For each sample, peptides derived from 4 μg of proteins were separated and analyzed by a nano LC-MS system consisting of a Spark Endurance autosampler, an ultra-high-pressure Eksigent Nano-2D Ultra capillary/nano LC system, and an Orbitrap Fusion mass spectrometer (ThermoFisher Scientific) for the benchmarking sample set, or a Dionex Ultimate 3000 nano LC system, a Dionex Ultimate 3000 gradient micro LC system with a WPS-3000 autosampler, and an Orbitrap Fusion Lumos mass spectrometer for the TBI proteomics sample set. A large-ID trapping column (300-μm i.d. × 5 mm) was implemented before the nano LC column (75-μm i.d. × 100 cm, packed with 3 μm of Pepmap C18) for large-capacity sample loading, hydrophilic/hydrophobic garbage removal, and selective peptide delivery. Mobile phases A and B were 0.1% FA in 2% acetonitrile and 0.1% FA in 88% acetonitrile. The 180-min LC gradient profile was as follows: 4–13% B for 15 min, 13–28% B for 110 min, 28–44% B for 5 min, 44–60% B for 5 min, 60–97% B for 1 min, and isocratic at 97% B for 17 min. The mass spectrometer was operated under DDA mode, with a maximal duty cycle time of 3 s. MS1 spectra were acquired in the m/z range of 400–1,500 under 120,000 resolution with dynamic exclusion settings (60 s ± 10 ppm).
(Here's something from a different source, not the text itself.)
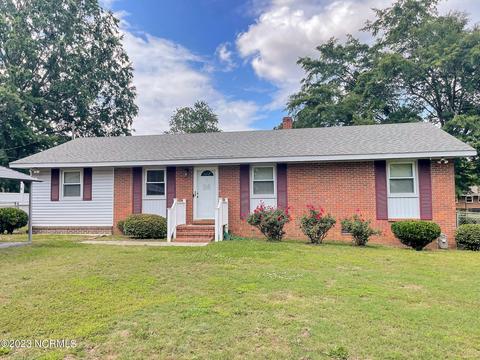 202 Hill St, Laurinburg, NC 28352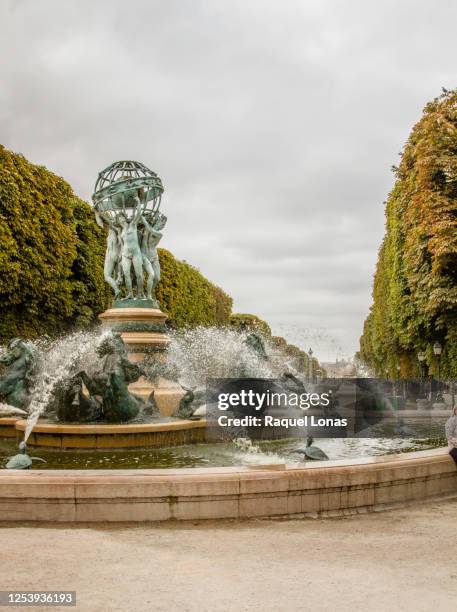 ornamental fountain near luxembourg gardens in paris - リュクサンブール公園 ストックフォトと画像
Precursor ions were filtered by quadrupole using a 1-Thomson (Th)-wide window and fragmented by high-energy collision dissociation at a normalized collision energy of 35%. MS2 spectra were acquired under 15,000 resolution in an Orbitrap. More detailed information about the LC-MS system can be found in study by Shen et al. (30).

Protein Identification.

For the E. coli-human spike-in dataset and the TBI rat brain dataset, LC-MS raw files (.raw) were matched with the following protein sequence databases concatenated with reversed sequences: (i) human-E. coli SwissProt database for the benchmark spike-in sample set (version 201407; 33,232 entries) and (ii) rat SwissProt/TrEMBL database for the TBI rat brain sample set (version 201608; 35,953 entries), using the MS-GF+ search engine (version 10089, released on July 16, 2013) (43). The search parameters were as follows: (i) precursor ion mass tolerance: 20 ppm, (ii) instrument type: Q-Exactive, (iii) matches per spectrum: 1, (iv) fixed modification: carbamidomethylation of cysteine, (v) dynamic modification: oxidation of methionine and acetylation of N-terminal lysine, and (vi) maximal missed cleavages per peptide: 2. PSM filtering, protein inference/grouping, and global FDR control were accomplished using Scaffold (v4.3.2; Proteome Software, Inc.) (53) or IDPicker (54). Both protein and peptide FDRs were controlled at ≤1%, while a minimum of two unique peptides per protein was required. Proteins with no unique peptides are grouped into one protein group. Peptide and protein identification information for the benchmark dataset is provided in Dataset S1.

Protein Quantification.

Quantification in IonStar involves SIEVE and our R package IonStarStat. Chromatographic alignment and ion intensity-based MS1 feature detection/extraction were performed using functions in SIEVE v2.2 (working collaboratively with ThermoFisher Scientific) (55). The main processes in SIEVE include the following:

  • i)

    Chromatographic alignment with ChromAlign for inter-run RT adjustment (39). Quality control as well as the selection of the optimal reference run for the alignment step were achieved by monitoring alignment scores (>0.8 as qualified) and base-peak intensity.

  • ii)

    Data-independent MS1 feature generation using the DICE method. Characteristics of the both steps are discussed in Results. DICE in IonStar generates quantitative features for all precursor ions with corresponding MS2 scans by extracting ICs in the aligned dataset with a defined m/z-RT window. We optimized the width of the extraction window using different combinations of m/z and RT (i.e., 5 to 20 ppm, 1 to 2 min), and it turned out that 10 ppm (i.e., m/z ± 5 ppm) and 1 min (i.e., RT ± 0.5 min) returned the best outcomes for the benchmark dataset.

  • iii)

    A Structured Query Language database containing the list of quantitative features (i.e., defined as “frames”) as well as corresponding intensities in each LC-MS run was exported and matched to the filtered PSM list by MS2 scan number using a customized R script, IonStar_FrameGen.R. Frames with valid PSMs were then subjected to dataset-wide normalization, multivariate outlier detection/removal, and aggregation to protein level using IonStarStat. Details are enclosed in the user manual for IonStar.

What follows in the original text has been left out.